Le 5 août 2023, l’avocat franco-espagnol Juan Branco est arrêté puis expulsé du territoire par les autorités sénégalaises pour avoir traversé clandestinement la frontière du pays. Néanmoins, derrière une arrestation aux allures légales, semblent se cacher les signes d’un virage autoritaire, aussi bien du gouvernement sénégalais que de l’Afrique en général.
Récapitulatif des faits de l’arrestation de Juan Branco
Juan Branco, 31 ans, est un avocat franco-espagnol connu pour ses positions politiques populistes et révolutionnaires. Il s’est fait un nom en défendant plusieurs figures de la gauche mondiale, dont Julian Assange (fondateur du site WikiLeaks), Piotr Pavlenski (activiste russe connu pour avoir fait fuiter la sextape du politicien français Benjamin Griveaux) ou encore Jean-Luc Mélenchon dans l’affaire “AOS”.

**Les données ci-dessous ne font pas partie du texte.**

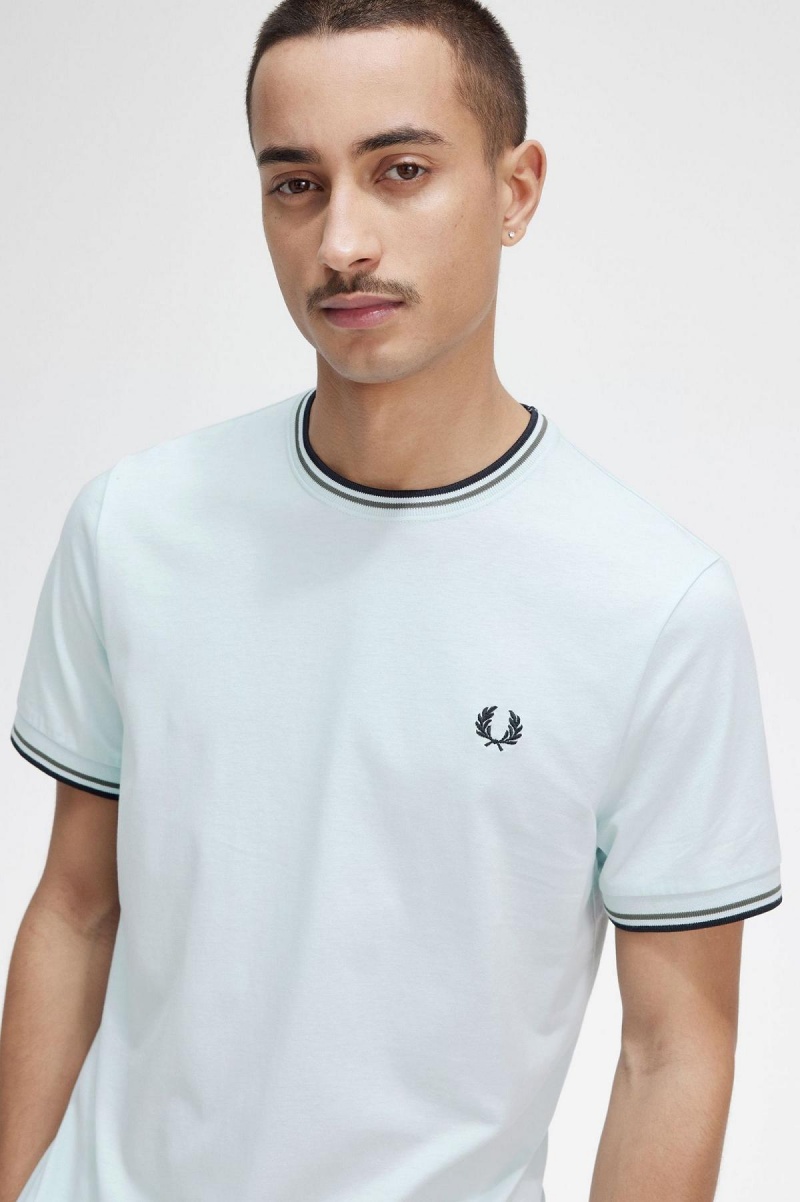 Fred Perry Twin Tipped T-skjorte Herre Lyse Grønn Svarte | TNOPQ29891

Au Sénégal, ce dernier est populaire pour être l’un des principaux avocats de l’opposant au pouvoir, Ousmane Sonko. Cet homme politique est apprécié par le peuple sénégalais pour ses opinions anti-occidentales et patriotiques. Accusé de “corruption de la jeunesse” suite à une série d’émeutes ayant secoué le pays depuis 2 ans, Ousmane Sonko a été condamné à 2 ans d’emprisonnement.
À l’annonce de la condamnation, Juan Branco a décidé de saisir la Cour pénale internationale (CPI) contre le président actuel, Macky Sall, pour “crime contre l’humanité”. L’avocat se considère ainsi victime selon lui d’une “persécution politique” perpétrée par le pouvoir en place, expliquant par cela sa condamnation. D’un autre côté, le ministre de l’intérieur sénégalais, Antoine Abdoulaye Félix Diome, a annoncé que “l’avocat [Juan Branco] qui était venu ici pour dénigrer nos institutions est entre les mains de la BIP [la brigade d’intervention polyvalente, une unité de police]”. Le gouvernement sénégalais semble ainsi considérer cette arrestation comme un moyen de rétablir l’ordre dans le pays et non pas un autodafé, comme le laissent à penser les soutiens à M. Branco.

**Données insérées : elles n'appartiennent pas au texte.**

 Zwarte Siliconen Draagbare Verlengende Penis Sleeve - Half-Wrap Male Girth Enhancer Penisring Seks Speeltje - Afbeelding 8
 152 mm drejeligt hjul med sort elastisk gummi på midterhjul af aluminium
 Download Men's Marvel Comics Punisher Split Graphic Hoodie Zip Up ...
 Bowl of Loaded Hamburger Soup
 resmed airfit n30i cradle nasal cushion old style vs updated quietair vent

Arrestation de Juan Branco : vers un tournant autoritaire de l’Afrique ?
Avant tout, l’affaire met en évidence le tournant autoritaire du gouvernement sénégalais. Le chef d’accusation à l’encontre de l’opposant Ousmane Sonko (“corruption de la jeunesse”) est assez flou pour ne pas paraître frauduleux. On peut ainsi supposer que ceci est un moyen pour évincer le candidat de l’élection présidentielle qui est censée se tenir en 2024. Ousmane Sonko apparaît en tête de liste des candidats ayant le plus de chances d’être élu.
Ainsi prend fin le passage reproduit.